I definitely agree that there should be at least one mode that lets
user policy choices come into play.

>O.K., so you did build the entire TCP layer on top of UDP and
>you added all the code for that in the NCS library.  Has that step really
>solved all the problems or perhaps has just moved the problems from one
>place to another.

Clearly there are SOME problems that just don't go away.  We believe that
many do.

>If one cannot support huge (say 100) TCP connections because of resource
>problem, then you have said that NCS/UDP will be able to
>overcome the resource problem.  I wonder if that is true, because
>building up of entire TCP functionality on top of UDP is going to require
>system resources as well.  Multiplexing the file descriptors may
>solve this problem to some extent, but not completely, because one would
>still need to keep all those buffers hanging around for any decent
>congestion control and rate-flow problems.

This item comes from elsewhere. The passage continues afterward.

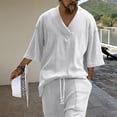 thumbnail image 1 of ZZwxWA Mens Casual 2 Piece Outfits Knit V Neck Short Sleeve Tshirts and Shorts Set Tracksuits with Pockets up to 50% Off, 1 of 5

Of course.  However it is also of course true that NCS RPC's buffers
(unlike those of the kernel implementation of TCP) aren't consuming wired
physical memory, thus giving NCS some more room to play.  And then there's
the wired space in the kernel for TCP connection blocks and any other
miscellaneous TCP overhead.  Further, the nature of the NCS RPC protocol
lets the server simply blow off its pseudo-connections to clients at
any point that a call is not in progress; the pseudo-connection
reestablishment happens automatically and transparently to the application
(and the stubs).

It is also true that even an RPC running on top of a COTP has buffer
management problems and that they're arguably HARDER than RPC's over
CLTP's.  Note that when I say RPC/COTP I mean one that has somewhat more
complicated problems than say, SunRPC/TCP.  The problematic scenario
is the case where for some reason, the stub is not consuming its input
data stream for some period of time.  In our model, we have a thread
(or set of threads), distinct from the thread running the stub, that's
responsible for actually reading from the connection.  One reason for
this is so that client-generated "cancels" (i.e., requests to abort calls)
can be processed even if the stub/server thread isn't currently in the
RPC runtime.  Thus, there is a layer of buffering between the connection
and the stub.  There is finite space for this buffering.  Since once
you've read data from a connection, you can't discard the data (unless
you want to oblige the client stubs to be smart enough to restart the
call), you have the problem that you might have to be smart enough to
figure that you have to stop reading from some of your open connections.
But then you don't see the "cancel" message.  Without boring people any
more, you can more or less work around these problems, but it's by no
means simple.

>Also, retransmissions would be of the entire UDP packet size and not just
>of the size of the MTU of the network.  Or have you worked around this
>problem by reducing the UDP packet size to the MTU size?  I hope not.
>This retransmission problem will happen only during stormy weather, but
>whenever that happens, it sure will let hell break loose.
>TCP backs off very graciously in such circumstances. How does your protocol
>behave in these cases?

We endeavor to send MTU-sized UDP packets and I don't know why you "hope
not".  The general wisdom as I see it seems to be that depending on
IP-level fragmentation is a bad idea.  Of course, it's currently hard
to know the (what's called) "path MTU".  (I refer people to the IETF
"Path MTU Discovery" document for more details.)  So we guess and try
to be conservative and we eagerly await the widespread implementation
of the protocol modifications required to do path MTU discovery.  I think
the IETF has now endorsed them.

>Are all the TCP tricks on top of UDP in the kernel or in the user land?
>If it is in user land, I am not sure how gratifying performance you are going
>to get out of it.

We have no special kernel support.  (Note that there's a version of NCS
that runs in the kernel, but it's only for the benefit of NCS applications
that live in the kernel.)  I can't give you numbers right now.  (I don't
have them and I don't know that I could make them public right now anyway.)
(BTW, I would not be surprised to hear that NCS 1.5's bulk data throughput
is lower than TCP's on some systems.)

However, we believe that doing (what amounts to) a COTP in user space
on top of UDP will be sufficiently rewarding.  Even if it is only as
fast or slight slower than TCP it is rewarding in that it has better
scaling properties, which we care a lot about.  Further, we're basing
much our opinions on experiments that we've done and on the real-life
experience the CMU ITC people with their Rx RPC system, which essentially
does the same thing that NCS RPC does.  In any case I take seriously
my responsibility to produce a real evaluation of the wisdom of this
approach once I'm in a position to do the evaluation.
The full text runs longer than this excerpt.